Jag Mandir, the second island palace on Pichola, is accessible by boat. Less visited than the Lake Palace and genuinely beautiful — the boat ride across with the Aravallis behind you is worth it alone.
Planning Your North India Tour: What to Know
A north India tour covering the Rajasthan forts and palaces circuit isn’t difficult to plan, but it rewards good sequencing. The recommended route runs Delhi → Jaipur → Jodhpur → Udaipur, with Agra added before Jaipur if the Taj Mahal is on the list. October to March is peak season — the weather is the best it gets, and the light in winter is ideal for photography.

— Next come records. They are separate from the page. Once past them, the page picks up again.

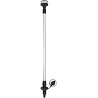 Feu de Mouillage Blanc 360° abnehmbar und teleskopisch 660-1200mm 43251376 PIECESBATEAUX.COM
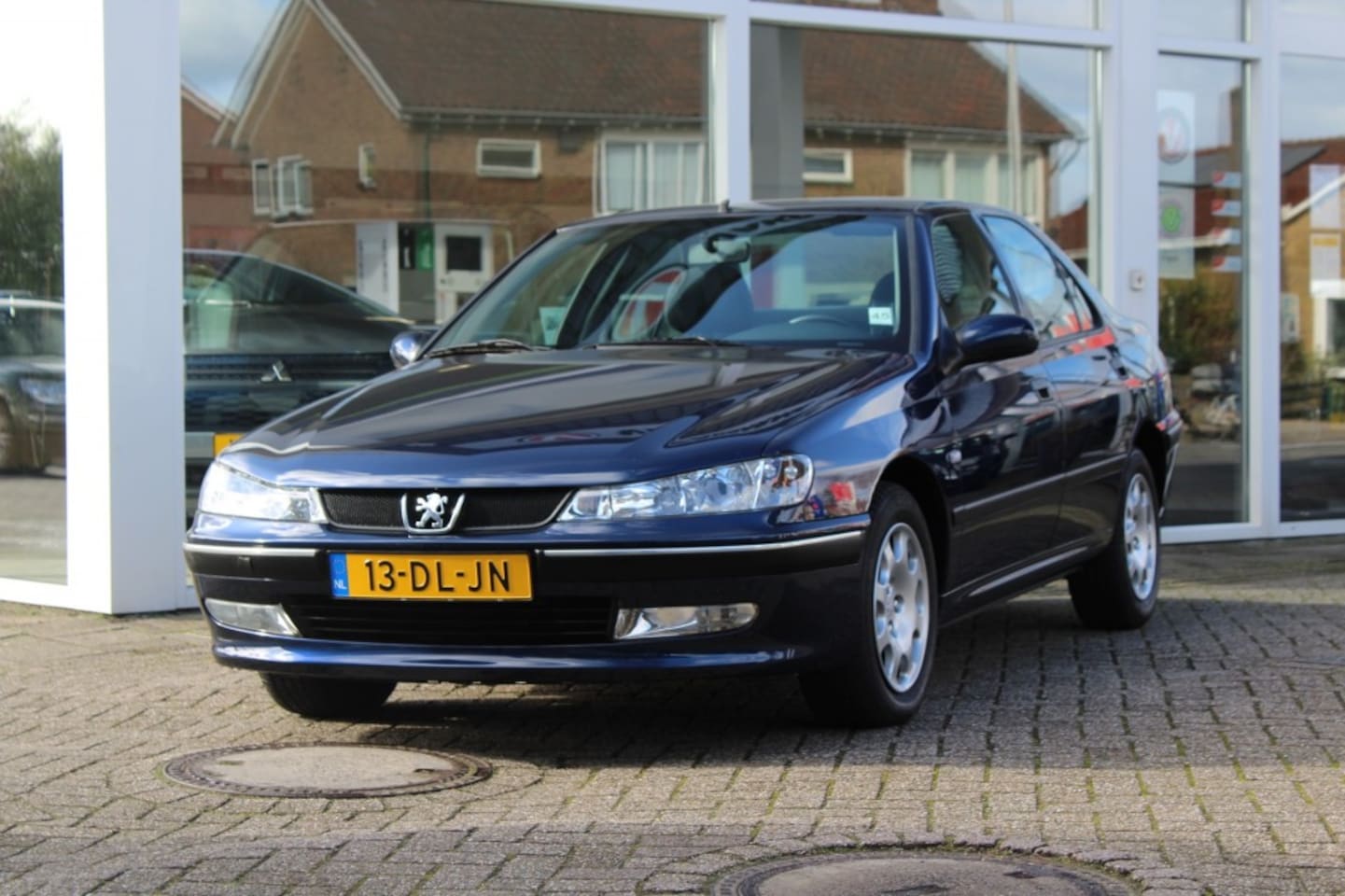 Peugeot 406 - 1.8-16V SR 1.8-16V SR - AutoWereld.nl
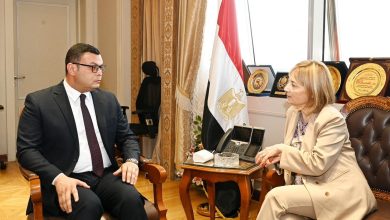 وزير الإسكان يستقبل نائبة رئيس بنك الاستثمار الأوروبي لبحث التعاون في مشروعات المياه والصرف الصحي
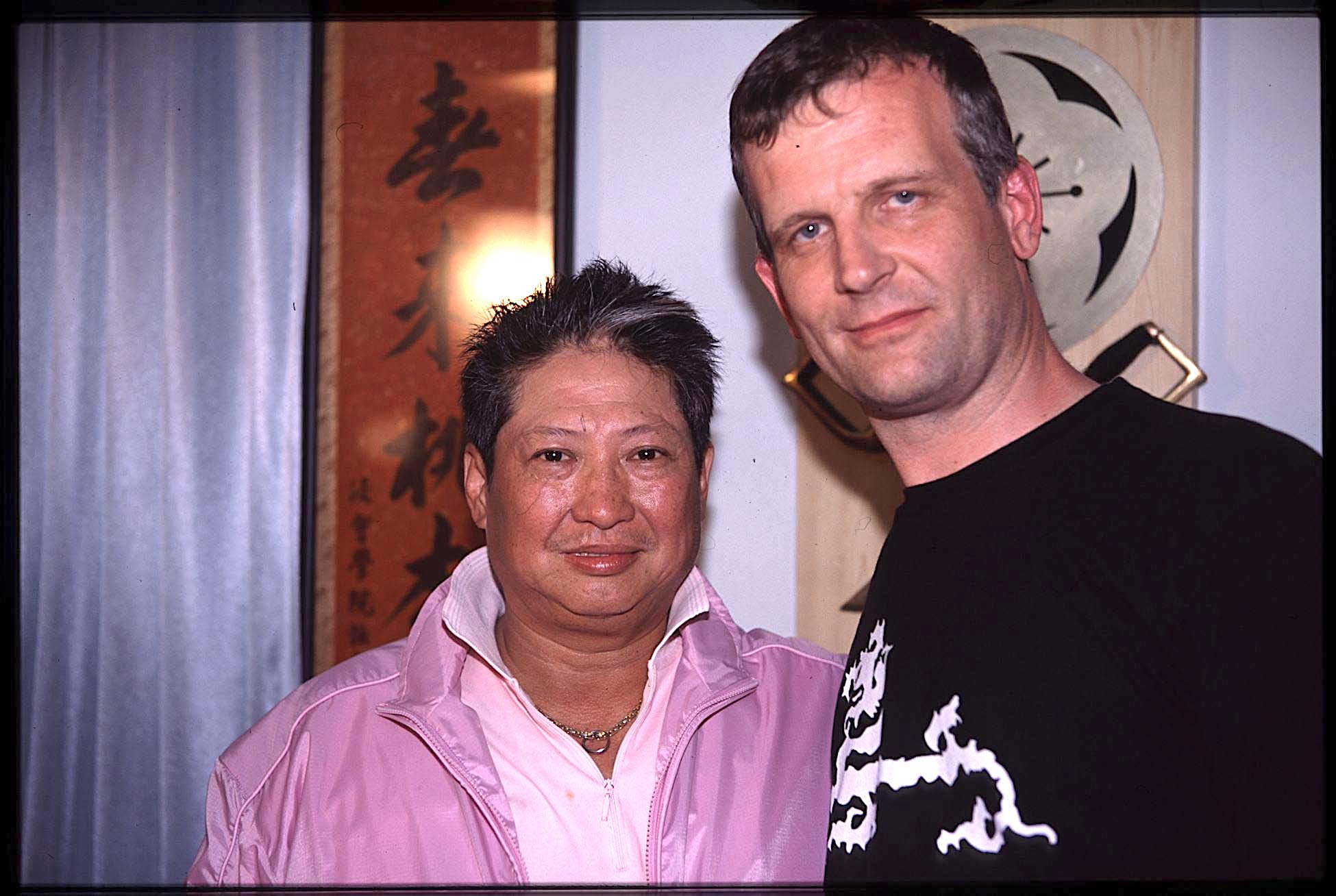 Sammo Hung and Will Henshaw
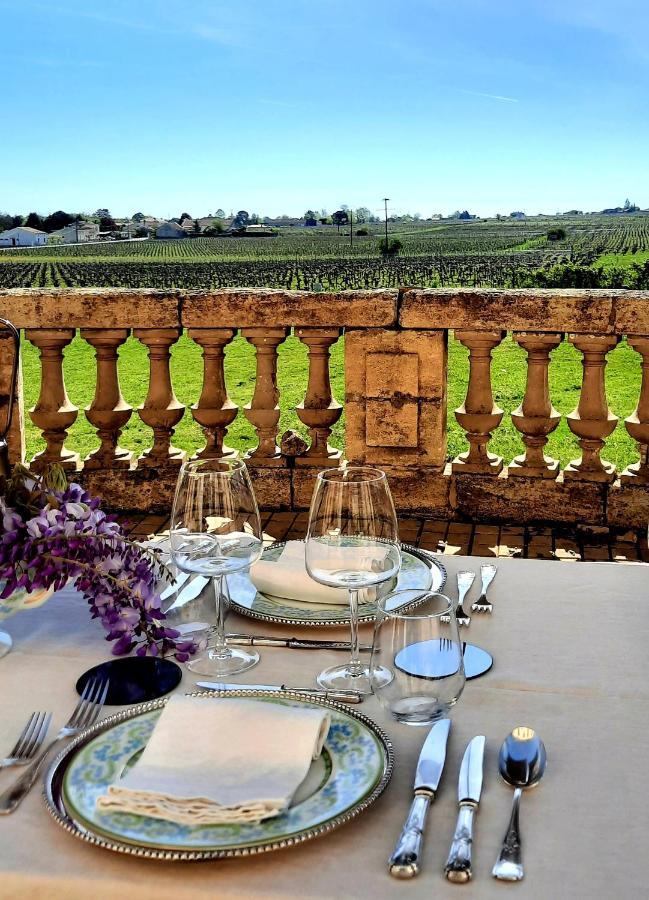 Chateau Tanesse De Tourny Bayon Εξωτερικό φωτογραφία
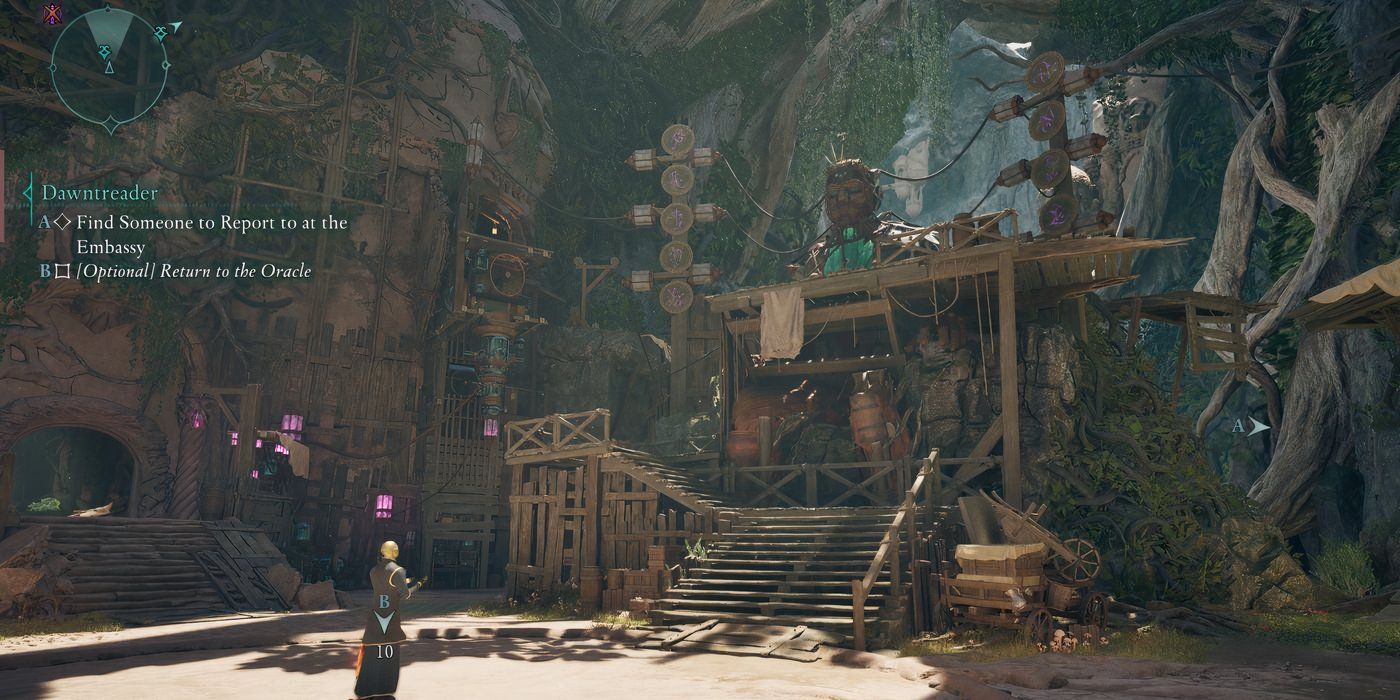 Should You Place The Splinter Of Eothas In The Statue In Avowed?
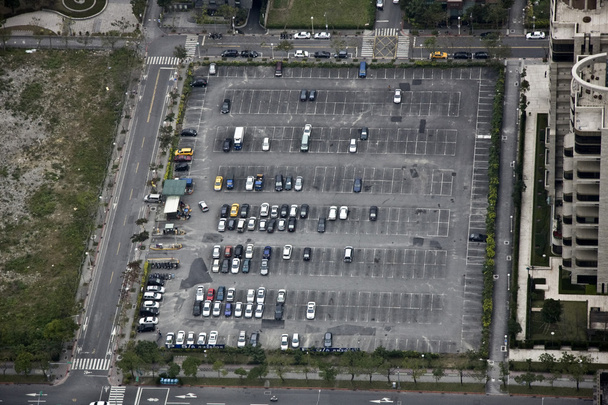 Area parcheggio vista aerea
 - Foto, immagini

Some practical notes that the guidebooks don’t always mention
Wear proper walking shoes. The forts involve uneven stone, steep ramps, and unexpected climbs. Start at major sites within the first hour of opening — the quiet is worth the early alarm. Build in time to simply sit at a viewpoint and look, without moving to the next item on the itinerary. The details of Rajasthan’s heritage architecture — carved lattice screens, painted ceilings, centuries-worn stone steps — only reveal themselves when you’re not rushing.
Vardhman Vacations designed the itinerary to move at a pace where I actually absorbed things rather than just photographed them. The guides at each site understood the history well enough to handle follow-up questions, not just deliver a rehearsed script. On a heritage-focused north India tour, that quality of guiding makes a measurable difference to what you take home from the experience.
Final Word
Rajasthan is not a backdrop. It’s an argument — for craftsmanship, for scale, for the kind of ambition that builds a fort on a cliff and then fills it with mirrored ceilings. A north India tour that takes this Rajasthan forts and palaces route seriously is one of the more complete travel experiences the subcontinent offers.